そうした流れの中で、東北大学の立ち位置としては「人工衛星をどう小型高性能化するか」「用途を拡大していくか」といった機能の向上や、現在不可能なことを可能にするための研究に取り組んでいます。ビジネスがデフォルトになった世界で、ビジネスとしてはまだ確立していないところに挑戦していく必要がある。2021年に共同創業者として立ち上げた「株式会社ElevationSpace」は、宇宙へ打ち上げたものを地球へと持って帰ってくるための技術、再突入技術を研究しています。通常、人工衛星を打ち上げる時は打上安全だけを確保できればいいのですが、宇宙での運用を考えると軌道上安全も確保する必要がある。さらに、通常の宇宙機はすべて地球に戻ってくる際に燃え尽きるように作っています。でないと、燃え残ったものが降ってきて人や環境を害する危険性がありますから。 しかし、地球に持ち帰るものがある場合、燃え尽きたら意味がない。燃え尽きないように作り、再突入安全という最も難しい安全基準を満たす必要があります。現在国内でそのような研究と事業化に取り組んでいる機関は他にありません。

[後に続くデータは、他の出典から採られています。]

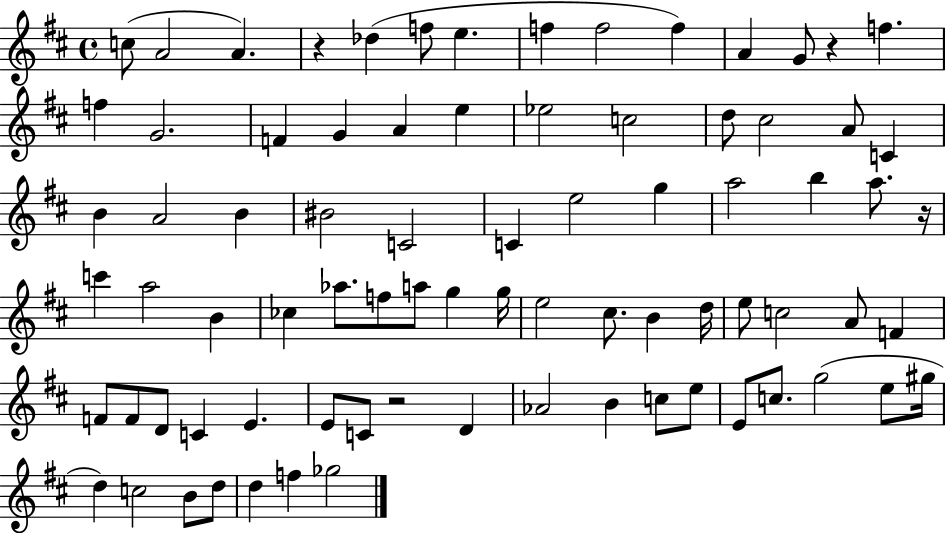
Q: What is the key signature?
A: D major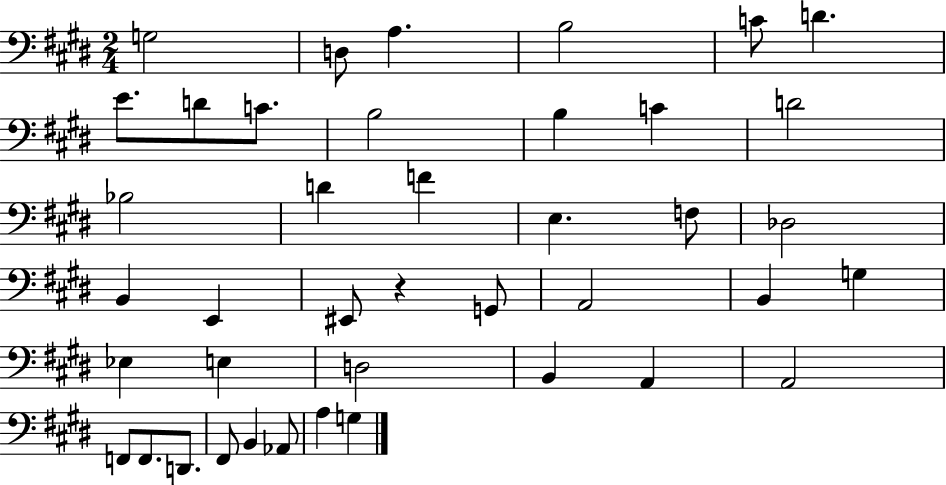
G3/h D3/e A3/q. B3/h C4/e D4/q. E4/e. D4/e C4/e. B3/h B3/q C4/q D4/h Bb3/h D4/q F4/q E3/q. F3/e Db3/h B2/q E2/q EIS2/e R/q G2/e A2/h B2/q G3/q Eb3/q E3/q D3/h B2/q A2/q A2/h F2/e F2/e. D2/e. F#2/e B2/q Ab2/e A3/q G3/q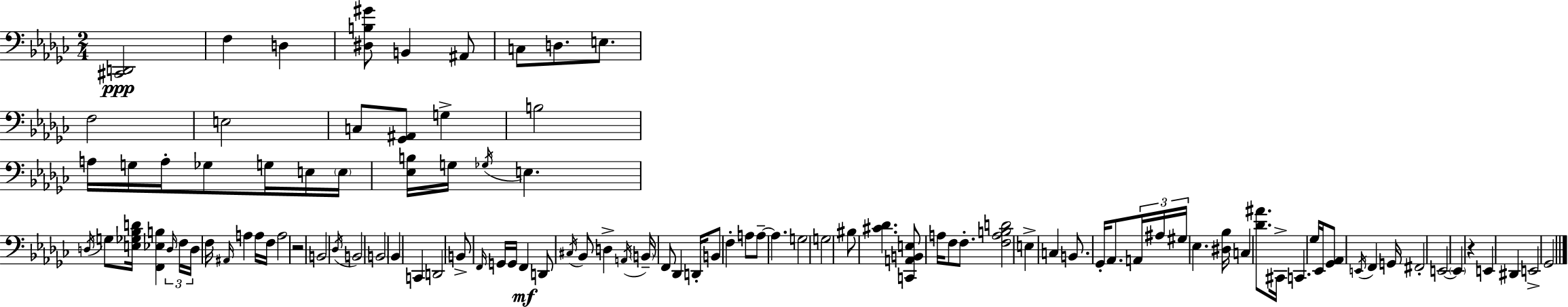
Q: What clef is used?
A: bass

私個人としては、20年後やその先の未来に使われる技術だと思って研究するのはあまり得意ではありません。1~2年後くらいに社会実装できる技術の研究を繰り返していきたい。だから、人工衛星をつくる時も、2年後ぐらいに打ち上げられるかどうかというのが1つの指標です。もちろん、開発期間が延びることもありますが、うん、2年ぐらいで打ち上げられるかな、いけそうだな、というギリギリのラインにまず挑戦して、うまくいったら次の目標設定をさらに高めて、また2年後を目指す、といった高頻度な軌道上実証機会の確保を重視しています。それこそが、確実な技術の発展につながると思っていますし、そのようにして実践的宇宙プロジェクトの経験を積んだ若手技術者、研究者を、これからも数多く輩出していきたいと考えています。
PROFILE
桒原 聡文 KUWAHARA Toshinori
東北大学大学院工学研究科航空宇宙工学専攻宇宙探査工学分野の准教授。株式会社ElevationSpace 共同創業者/取締役。大学宇宙工学コンソーシアムUNISEC(University Space Engineering Consortium)の理事長のほか、宇宙関連事業に取り組む企業の技術顧問も務める。国際宇宙航行アカデミーIAA(International Academy of Astronautics)のコレスポンディング・メンバー。超小型宇宙機による宇宙開発利用の高度化についての研究を行っている。